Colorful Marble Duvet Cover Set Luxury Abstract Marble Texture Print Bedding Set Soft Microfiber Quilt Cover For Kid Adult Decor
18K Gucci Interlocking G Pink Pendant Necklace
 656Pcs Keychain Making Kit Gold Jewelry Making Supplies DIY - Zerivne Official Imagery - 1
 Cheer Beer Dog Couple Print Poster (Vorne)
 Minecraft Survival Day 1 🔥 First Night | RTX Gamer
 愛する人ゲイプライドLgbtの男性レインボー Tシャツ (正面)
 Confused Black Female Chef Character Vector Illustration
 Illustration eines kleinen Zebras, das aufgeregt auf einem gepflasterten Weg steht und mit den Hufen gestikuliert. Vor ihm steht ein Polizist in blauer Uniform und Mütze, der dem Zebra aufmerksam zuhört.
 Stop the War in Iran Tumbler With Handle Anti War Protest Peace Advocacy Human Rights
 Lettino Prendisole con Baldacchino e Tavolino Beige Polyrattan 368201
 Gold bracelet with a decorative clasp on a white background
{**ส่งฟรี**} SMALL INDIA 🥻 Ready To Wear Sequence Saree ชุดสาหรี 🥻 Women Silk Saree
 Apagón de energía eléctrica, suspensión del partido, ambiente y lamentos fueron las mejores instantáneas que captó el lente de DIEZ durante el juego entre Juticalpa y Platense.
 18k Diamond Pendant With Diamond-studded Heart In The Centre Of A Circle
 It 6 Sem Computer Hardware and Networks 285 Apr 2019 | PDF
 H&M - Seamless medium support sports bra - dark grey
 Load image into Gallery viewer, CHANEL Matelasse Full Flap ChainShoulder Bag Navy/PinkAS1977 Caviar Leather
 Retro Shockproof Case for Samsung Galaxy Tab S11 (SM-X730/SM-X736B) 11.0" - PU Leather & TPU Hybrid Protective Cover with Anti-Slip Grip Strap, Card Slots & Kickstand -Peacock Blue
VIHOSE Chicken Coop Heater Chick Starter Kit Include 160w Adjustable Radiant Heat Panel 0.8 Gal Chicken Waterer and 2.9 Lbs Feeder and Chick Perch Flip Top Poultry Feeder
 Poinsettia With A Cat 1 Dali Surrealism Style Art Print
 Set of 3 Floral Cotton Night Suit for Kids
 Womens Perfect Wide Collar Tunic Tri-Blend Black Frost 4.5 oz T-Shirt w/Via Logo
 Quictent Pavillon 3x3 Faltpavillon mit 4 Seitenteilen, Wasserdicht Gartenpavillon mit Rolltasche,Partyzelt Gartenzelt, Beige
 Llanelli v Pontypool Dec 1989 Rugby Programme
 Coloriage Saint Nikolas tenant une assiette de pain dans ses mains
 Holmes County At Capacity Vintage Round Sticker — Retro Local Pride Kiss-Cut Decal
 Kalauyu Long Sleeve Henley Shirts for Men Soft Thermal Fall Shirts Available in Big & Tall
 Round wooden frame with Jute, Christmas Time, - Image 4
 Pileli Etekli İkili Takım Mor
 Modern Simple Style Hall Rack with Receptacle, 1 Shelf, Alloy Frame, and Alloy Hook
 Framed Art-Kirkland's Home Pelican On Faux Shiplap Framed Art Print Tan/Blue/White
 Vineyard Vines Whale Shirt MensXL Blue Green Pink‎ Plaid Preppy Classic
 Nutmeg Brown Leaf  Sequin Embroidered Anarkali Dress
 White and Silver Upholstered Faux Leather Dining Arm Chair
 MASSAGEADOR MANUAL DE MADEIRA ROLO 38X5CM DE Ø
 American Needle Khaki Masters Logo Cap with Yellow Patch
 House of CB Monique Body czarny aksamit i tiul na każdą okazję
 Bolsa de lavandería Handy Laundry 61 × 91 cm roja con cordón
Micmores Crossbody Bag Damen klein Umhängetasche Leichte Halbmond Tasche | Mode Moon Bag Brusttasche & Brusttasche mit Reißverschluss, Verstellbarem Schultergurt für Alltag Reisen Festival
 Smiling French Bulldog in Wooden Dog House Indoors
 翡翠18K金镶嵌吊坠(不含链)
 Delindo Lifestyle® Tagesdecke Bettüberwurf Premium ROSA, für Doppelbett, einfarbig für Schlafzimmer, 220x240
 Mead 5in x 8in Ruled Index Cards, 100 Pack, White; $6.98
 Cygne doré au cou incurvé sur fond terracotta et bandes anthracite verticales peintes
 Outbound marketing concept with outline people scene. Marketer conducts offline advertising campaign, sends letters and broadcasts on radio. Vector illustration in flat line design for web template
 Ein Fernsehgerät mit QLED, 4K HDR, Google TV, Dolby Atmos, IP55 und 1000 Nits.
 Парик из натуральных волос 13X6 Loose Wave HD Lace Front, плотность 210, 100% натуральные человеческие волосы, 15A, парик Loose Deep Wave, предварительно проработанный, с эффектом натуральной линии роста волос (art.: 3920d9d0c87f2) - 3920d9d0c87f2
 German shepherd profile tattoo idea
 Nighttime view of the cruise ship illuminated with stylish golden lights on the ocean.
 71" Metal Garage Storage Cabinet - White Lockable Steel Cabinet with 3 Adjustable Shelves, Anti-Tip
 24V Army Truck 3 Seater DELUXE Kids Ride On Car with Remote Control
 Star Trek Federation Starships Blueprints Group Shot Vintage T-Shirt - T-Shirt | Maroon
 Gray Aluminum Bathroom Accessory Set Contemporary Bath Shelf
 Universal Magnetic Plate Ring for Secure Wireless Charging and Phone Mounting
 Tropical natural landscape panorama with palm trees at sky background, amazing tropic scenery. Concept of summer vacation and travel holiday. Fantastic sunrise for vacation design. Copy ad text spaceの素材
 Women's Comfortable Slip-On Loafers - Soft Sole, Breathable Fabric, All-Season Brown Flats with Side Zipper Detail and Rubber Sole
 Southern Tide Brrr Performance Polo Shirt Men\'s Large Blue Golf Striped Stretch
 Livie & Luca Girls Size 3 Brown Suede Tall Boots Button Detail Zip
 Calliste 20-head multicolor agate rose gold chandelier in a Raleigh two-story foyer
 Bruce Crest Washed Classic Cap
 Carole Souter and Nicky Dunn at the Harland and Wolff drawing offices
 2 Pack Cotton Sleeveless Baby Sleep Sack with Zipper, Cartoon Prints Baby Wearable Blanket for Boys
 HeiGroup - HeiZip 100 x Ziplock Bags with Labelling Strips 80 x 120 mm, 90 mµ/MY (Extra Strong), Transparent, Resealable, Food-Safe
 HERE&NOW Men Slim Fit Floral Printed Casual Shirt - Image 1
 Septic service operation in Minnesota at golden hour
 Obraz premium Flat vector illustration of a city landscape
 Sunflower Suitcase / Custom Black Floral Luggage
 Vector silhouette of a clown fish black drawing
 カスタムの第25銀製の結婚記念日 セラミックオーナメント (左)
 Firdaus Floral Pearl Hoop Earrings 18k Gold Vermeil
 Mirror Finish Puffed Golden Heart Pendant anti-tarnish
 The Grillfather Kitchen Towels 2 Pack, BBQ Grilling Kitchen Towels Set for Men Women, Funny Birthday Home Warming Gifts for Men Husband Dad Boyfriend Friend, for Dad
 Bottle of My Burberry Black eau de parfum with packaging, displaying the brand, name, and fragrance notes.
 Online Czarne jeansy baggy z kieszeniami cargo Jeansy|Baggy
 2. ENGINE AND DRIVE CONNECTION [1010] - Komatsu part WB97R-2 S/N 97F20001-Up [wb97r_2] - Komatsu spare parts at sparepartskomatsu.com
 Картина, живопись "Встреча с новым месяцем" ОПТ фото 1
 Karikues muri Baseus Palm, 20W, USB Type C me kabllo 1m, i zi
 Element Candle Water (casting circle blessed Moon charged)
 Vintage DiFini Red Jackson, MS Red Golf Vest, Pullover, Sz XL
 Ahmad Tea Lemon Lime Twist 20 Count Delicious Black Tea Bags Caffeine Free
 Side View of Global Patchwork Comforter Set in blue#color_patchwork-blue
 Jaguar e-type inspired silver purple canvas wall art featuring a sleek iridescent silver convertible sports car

━━━━━━━━━━━━━━━━━━━━━━━━━━━━━━

_Task details_
Look above for the line holding "Cygne doré au". Print it and every line after it, exactly, through the line holding "Ein Fernsehgerät mit".

_Final answer_
 Cygne doré au cou incurvé sur fond terracotta et bandes anthracite verticales peintes
 Outbound marketing concept with outline people scene. Marketer conducts offline advertising campaign, sends letters and broadcasts on radio. Vector illustration in flat line design for web template
 Ein Fernsehgerät mit QLED, 4K HDR, Google TV, Dolby Atmos, IP55 und 1000 Nits.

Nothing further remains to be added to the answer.